Top of Task data
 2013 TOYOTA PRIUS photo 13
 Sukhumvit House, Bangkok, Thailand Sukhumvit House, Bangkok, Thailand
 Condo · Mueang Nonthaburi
Bottom of Task data
Top of Task data
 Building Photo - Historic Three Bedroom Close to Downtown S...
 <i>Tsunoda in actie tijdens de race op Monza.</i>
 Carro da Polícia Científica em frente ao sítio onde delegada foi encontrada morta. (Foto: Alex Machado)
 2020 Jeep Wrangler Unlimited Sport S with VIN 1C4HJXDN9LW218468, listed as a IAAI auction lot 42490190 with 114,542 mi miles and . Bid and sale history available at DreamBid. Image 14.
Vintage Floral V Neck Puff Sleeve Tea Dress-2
Bottom of Task data
Top of Task data
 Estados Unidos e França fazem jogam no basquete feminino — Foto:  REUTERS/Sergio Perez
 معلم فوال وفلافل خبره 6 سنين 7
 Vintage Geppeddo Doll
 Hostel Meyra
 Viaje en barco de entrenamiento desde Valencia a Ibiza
Bottom of Task data
Exercise requirements
Of the entries listed above, reproduce only the lines starting at the line containing "<i>Tsunoda in actie" and ending at the line containing "Vintage Floral V Neck Puff Sleeve Tea Dress-2". Include both, exactly as they stand.

Answer
 <i>Tsunoda in actie tijdens de race op Monza.</i>
 Carro da Polícia Científica em frente ao sítio onde delegada foi encontrada morta. (Foto: Alex Machado)
 2020 Jeep Wrangler Unlimited Sport S with VIN 1C4HJXDN9LW218468, listed as a IAAI auction lot 42490190 with 114,542 mi miles and . Bid and sale history available at DreamBid. Image 14.
Vintage Floral V Neck Puff Sleeve Tea Dress-2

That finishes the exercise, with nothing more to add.